Ready-made kimchi (a traditional Korean dish of spicy sour fermented vegetables) is great to have in the fridge and goes well with chicken and lamb. I sometimes shred it to add to coleslaw, as well as serving it as a condiment.
INGREDIENTS
600 grams pork mince
½ cup fresh breadcrumbs
2 tablespoons milk
½ cup kimchi, finely chopped
2 cloves garlic, crushed
1 tablespoon grated fresh ginger
small handful coriander, finely chopped
sea salt and ground pepper
olive oil
Mayo
½ cup purchased mayonnaise
1 teaspoon sesame oil
1 tablespoon soy sauce
To serve
4 burger buns, toasted
rocket or spinach leaves
1 avocado, sliced
2 large gherkins, thinly sliced
extra kimchi, finely sliced
1 tablespoon toasted sesame seeds
METHOD
Burger: Mix the breadcrumbs and milk in a large bowl and leave for 5 minutes. Add the mince, kimchi, garlic, ginger and coriander and season.
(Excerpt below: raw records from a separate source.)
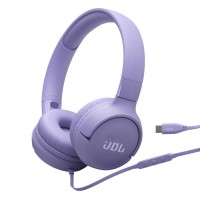 Навушники JBL Tune 520C USB-C Purple (JBLT520CPUR)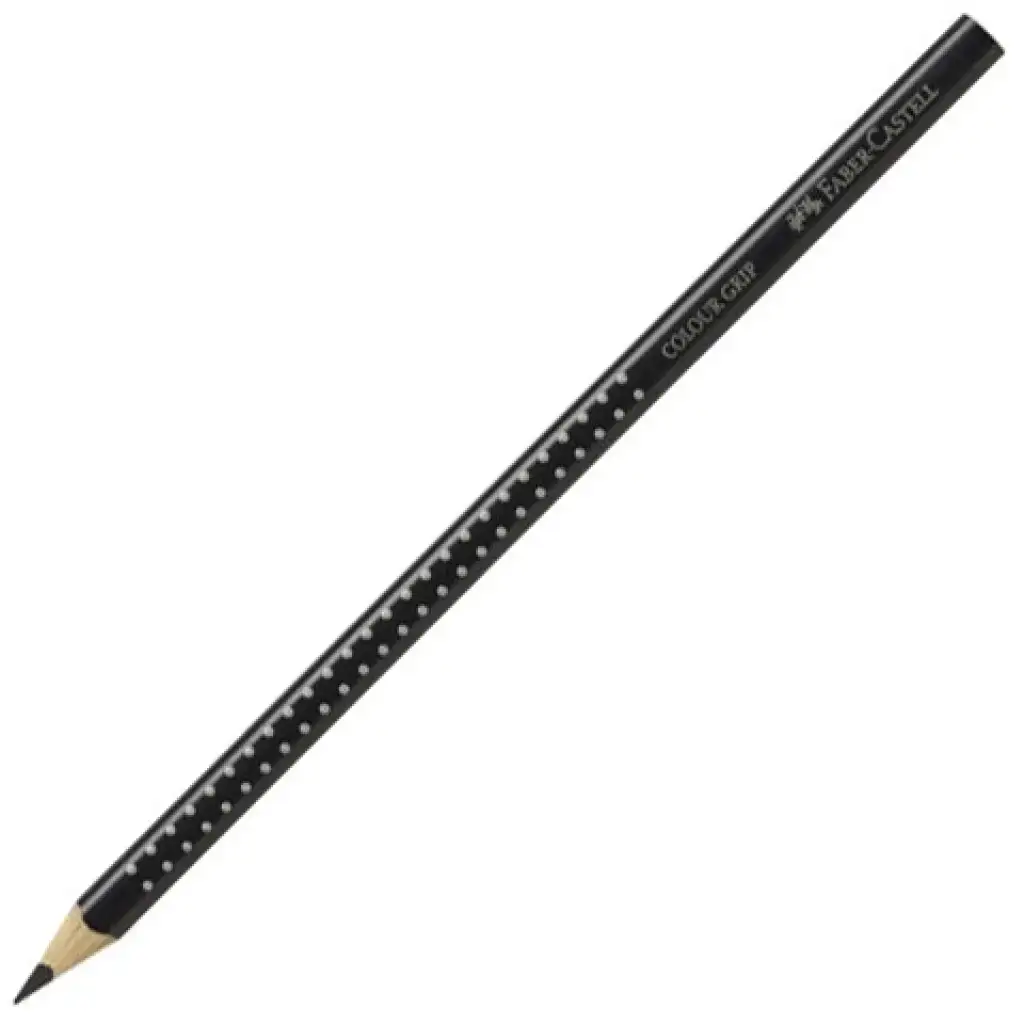 Faber-Castell: Grip 01 Buntstift schwarz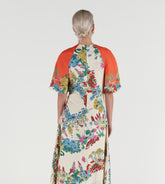 Nadia - Abito midi in seta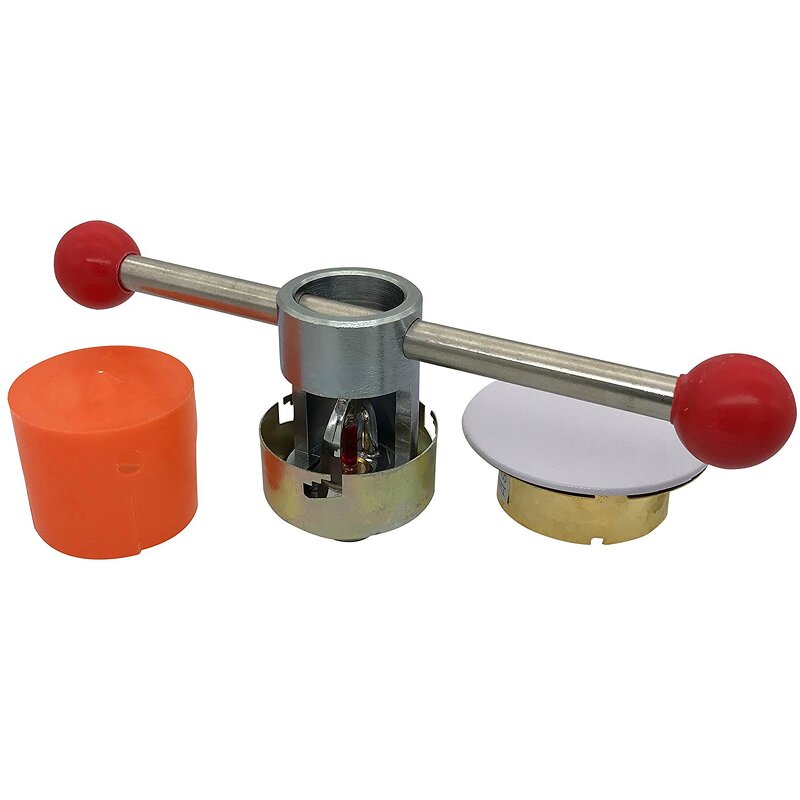 Fire Sprinkler Wrench Manufacturer - Chrome 1/2 Inch Head Wrench Spanner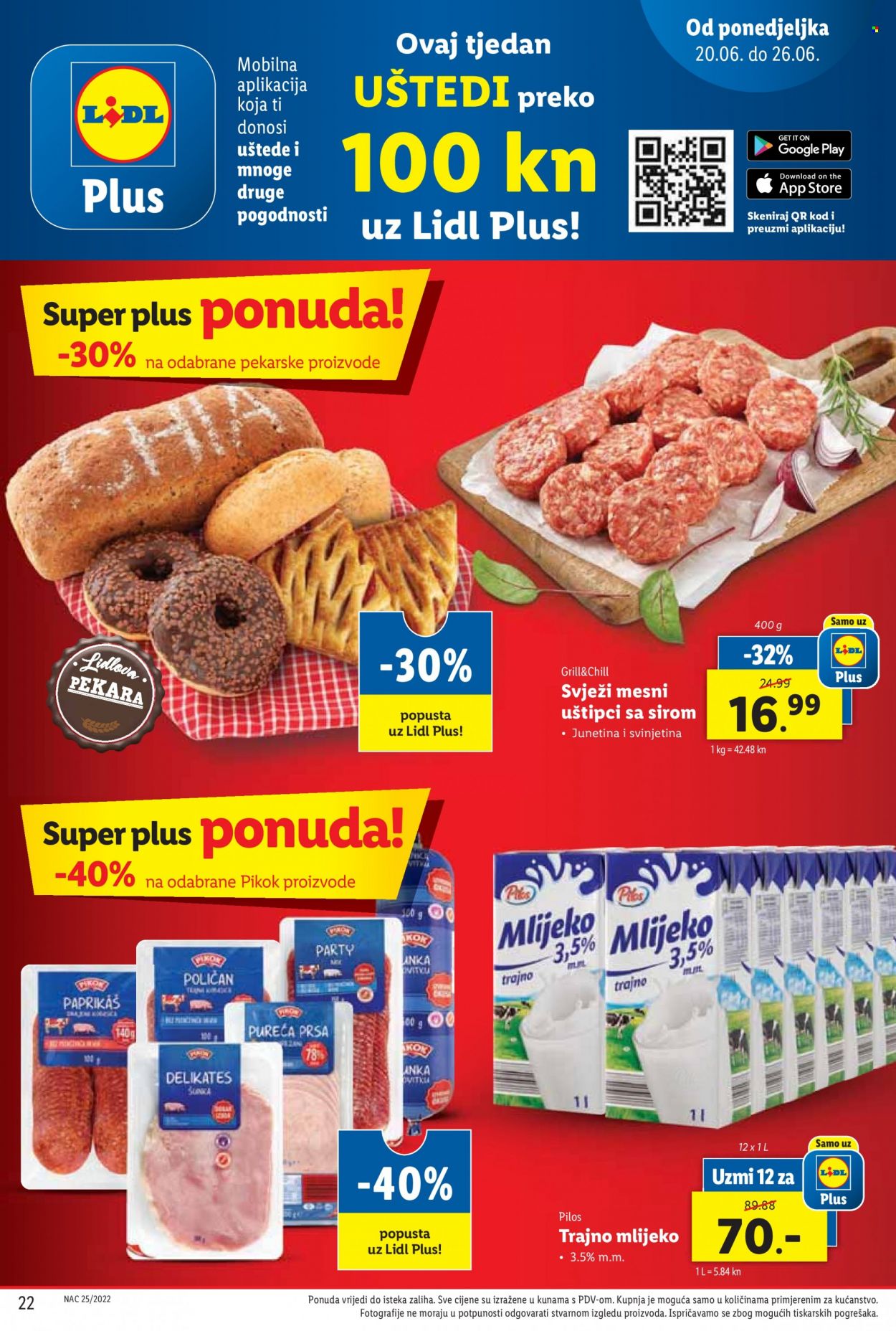 Lidl katalog - 20.06.2022. - 26.06.2022. Stranica 22
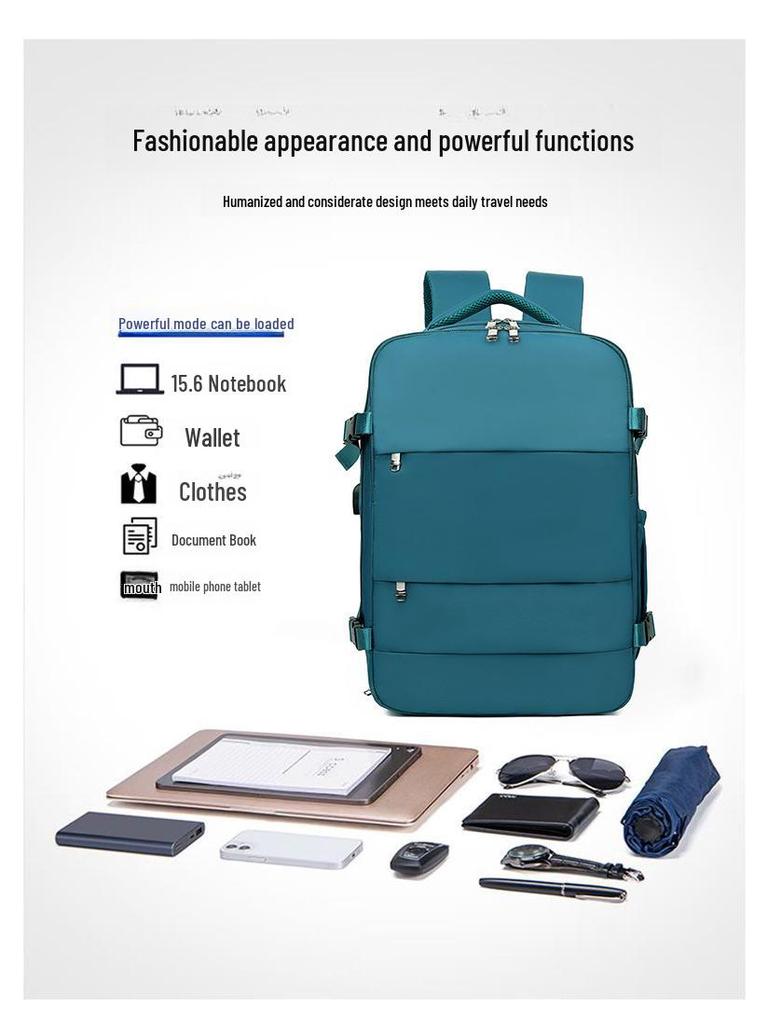 Многофункциональный рюкзак для путешествий унисекс Cross-Border: Легкий, универсальный для деловых поездок, отдыха на природе и школы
Combine everything really well. I use my hands for this. Form the mixture into 4 patties the same size as the buns.
Heat a little oil in a sauté pan. Cook the burger patties until golden on both sides and cooked through.
Mayo: Stir the ingredients together in a bowl.
To serve: Spread the buns with mayo then top with rocket, avocado, gherkin slices and a burger pattie. Top with a dollop of mayo, extra kimchi and sesame seeds. Makes 4
Pantry Note: Ready-made kimchi is available from some supermarkets, Asian and gourmet food stores.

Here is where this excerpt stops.